Du cinéma à la politique, en passant par l’éducation, la lutte contre les violences faites aux femmes, sa double culture ou encore son amitié avec le couple présidentiel… Dans « Moi la France, je la kiffe ! », la productrice marseillaise Sabrina Agresti-Roubache se livre sur sa vie à sa manière. Rencontre.

« Écrire un livre, quelle drôle d’idée ». Ce jour-là, dans son tailleur blanc, les bras chargés de livres empaquetés, Sabrina Agresti-Roubache affiche un large sourire, enthousiaste à l’idée de présenter « Moi la France, je la kiffe ! ». Un livre né d’abord « d’une rencontre », avec son éditeur Alexandre Wickham, directeur éditorial chez Albin Michel. Mais surtout « d’une envie de dire quelque chose. C’est comme pour un film, quand l’idée arrive au bon moment », confie la fondatrice des sociétés de production marseillaise Seconde Vague Productions et Gurkin Invest Films.

Des morceaux choisis pour livrer quelques tranches de vie. Se raconter, en près de 185 pages, sans pour autant « s’la raconter », car « il fallait que ça me ressemble », exprime la productrice, réputée pour son franc-parler. La liberté d’expression et de ton conditionne dès lors ce projet dont elle ne souffle mot.

Exercice de style

À peine élue à la Région Sud, en juillet 2021, conseillère spéciale en charge de la lutte contre le harcèlement scolaire et contre les violences faites aux femmes, l’entrepreneuse « fait ce qu’il faut pour que les projets continuent à avancer », puis s’isole. « Une parenthèse » dans une vie à 100 à l’heure. Elle aborde l’écriture comme un véritable exercice de style. Ni emprunté. Ni copié. Le sien. « Je n’écris pas comme je parle, mais je décris comme je parle », poursuit-elle, dans un éclat de rire.

Stylo à la main, loin de son ordinateur et des notes de prod, elle couche sur le papier ses premières idées, les anecdotes qui l’ont marquée… des phrases qui donnent parfois lieu à des relectures illisibles et situations cocasses. « Mais qu’est-ce que j’ai écrit ? Ou qu’est-ce que j’ai voulu dire ? C’était drôle », se souvient-elle.

Guidée par un furieux désir de tout dire, il était nécessaire, dit-elle, d’arriver à « structurer sa pensée pour la rendre lisible ». Aller à l’essentiel. Plusieurs personnes canalisent ce trop-plein, au premier rang desquels son éditeur. Puis son ami et compagnon de tournage, Jean-Christophe Gaudry, ainsi que l’écrivain et scénariste Dan Franck.

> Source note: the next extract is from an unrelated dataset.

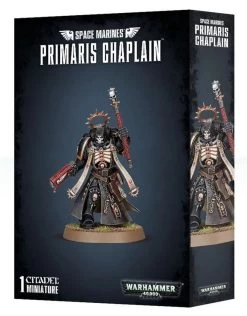 Games Workshop SM: Primaris Chaplain
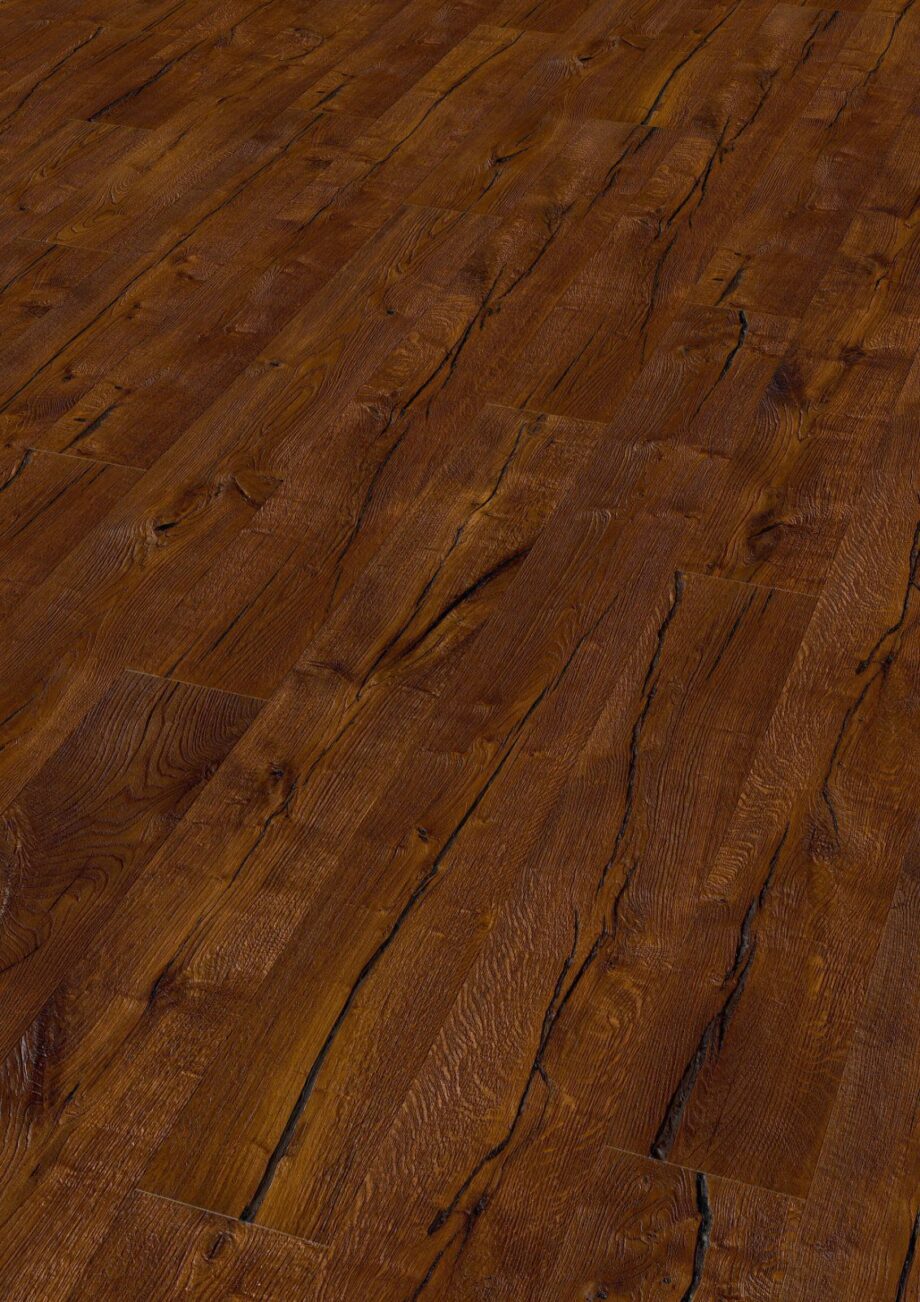 Oak parquet Thede & Witte Boston Oldwood, dark smoked, oiled, 1-strip, 2200 x 220 x 15 mm Oak parquet Thede & Witte Boston Oldwood, dark smoked, oiled, 1-strip, 2200 x 220 x 15 mm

Ces échanges portent principalement sur le fond. Une relation constructive, « pas comme un auteur qui parle à son Padawan », provoquant parfois de vives discussions. « Il me challenge. Je ne voulais pas policer ce que je pensais, que ma pensée soit pervertie ». Comme lorsqu’elle consacre un chapitre au Rassemblement national, ou lorsqu’elle exprime son opinion sur la Gauche dont « la pensée a été trahie à mon sens ». C’est du 100 % Agresti-Roubache.

, Sabrina Agresti-Roubache : « Plus je fais de la politique, plus j’ai envie de faire des films », Made in Marseille

« Maintenant, je peux vivre mon histoire d’amour politique de façon très libre »

Son mari, Jean-Philippe, a lui aussi été d’une aide précieuse « pour éviter toutes les digressions », sans oublier qu’il est son « plus grand fan ». Ces deux-là entretiennent une relation fusionnelle depuis leur coup de foudre à la Chambre de commerce et d’industrie il y a un peu plus de 5 ans.

L’ancien doyen d’Aix-Marseille Université occupe depuis quelques semaines les fonctions de recteur de l’académie de Corse. « Un poste formidable », estime son épouse, même si de cette situation « elle en pleurerait tous les jours, lâche-t-elle. Mais comme on travaille beaucoup tous les deux, les semaines passent vite, et on arrive à organiser nos agendas ». Jean-Phi’ et Sabrina s’appellent en « moyenne une cinquantaine de fois par jour, au téléphone, en visio… ».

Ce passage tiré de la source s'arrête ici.